Fig. 4: The proposed clocking scheme uses an existing greedy algorithm to build an analytical zero-skew tree and reduces the overall buffer requirement by increasing the maximum capacitance limit while buffering the tree using NCFET buffers.

Equation 7 is modeled as a dependent voltage source in the SPICE model [19]. Using Equation 7, the steady-state negative capacitance can be expressed as

$$C_{FE} = \frac{1}{2\alpha_{FE}t_{FE} + 12\beta_{FE}t_{FE}Q_{G}^{2} + 30\gamma_{FE}t_{FE}Q_{G}^{4}} \quad (8)$$

In order to understand the driving capability of the NCFET buffer cell, we performed HSPICE simulation on a standard buffer (with PMOS and NMOS sizing ratio of 1.5) driving a capacitive load ( $C_L$ ). We sized our buffers considering a 1GHz clock frequency that can drive the maximum  $C_L$  to achieve a slew rate of 5%–10% of clock period. According to our analysis, the maximum  $C_L$  for an NCFET-based buffer is  $1.1 \times$  compared to the CMOS-based buffer with similar slew-rate and will be used as the maximum capacitance limit ( $C_{max}$ ) in Section 3. However, NCFET-based clocking can increase the  $C_{max}$  due to the very small switching-power compared to the CMOS-based design.

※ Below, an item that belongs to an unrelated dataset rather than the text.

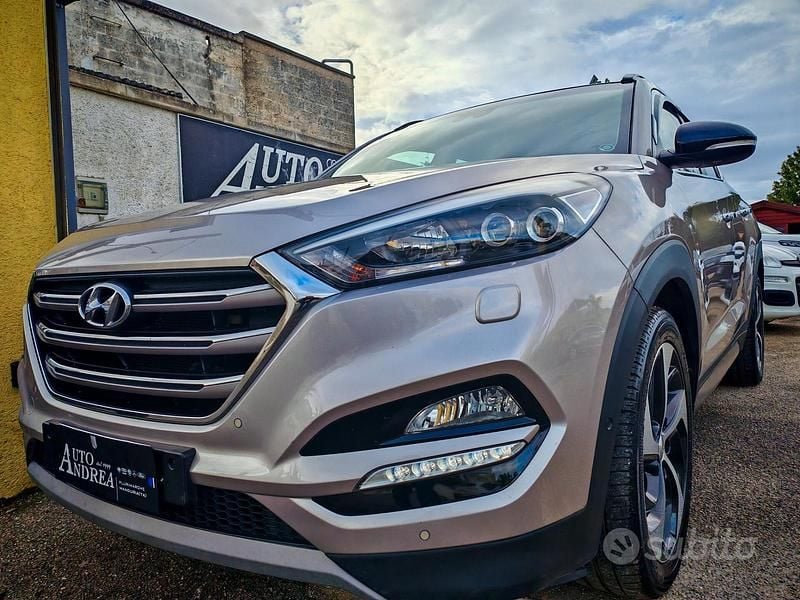 Grigio Usata 2017 Hyundai Tucson SUV | 13.999 € (Buon prezzo) - Immagine 1/4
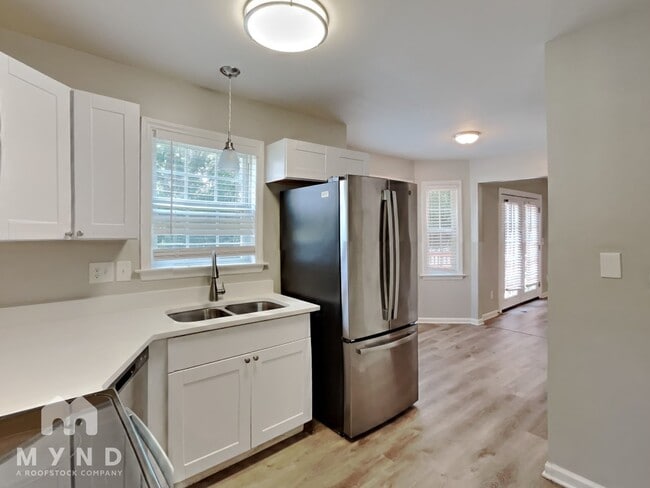 Building Photo - 4717 Sinclair Dr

# **3 PROPOSED CLOCKING SCHEME**

In a physical design flow, after place and route, the clock tree synthesis (CTS) is the most critical step to improve routing congestion and correct functionality of a design. The primary goal of CTS is to create the routed buffered tree such that skew and power is minimized for any given network. Figure 4 shows the proposed CTS methodology. The first phase of the CTS is routing and topology generation to achieve minimal skew or zero skew. After that, we need to insert buffers to drive the clock signal and distribute it to each sink. In this work, we utilized traditional deferred merge embedding (DME) to meet the skew constraint [13], [14], [15]. In addition, we optimized the overall wire length using a bottom-up merging of the sinks to identify the potential zero-skew merging sectors, while the final merging location is selected depending on the parent location. In a nutshell, the overall DME approach confirms analytical zero skew using the Elmore delay model. According to the Elmore model, the time delay  $(d_{tij})$  from node *i* to node *j* along the signal path  $(P_{ij})$  is computed as:

$$d_{tij} = \sum_{n=i}^{J} R_n C_n \tag{9}$$



Fig. 5: (a) Equivalent RC network of an NCFET-CDN, and (b) we modeled the NCFET buffers as a negative FE capacitance and repeating clock signal to reduce overall CDN capacitance.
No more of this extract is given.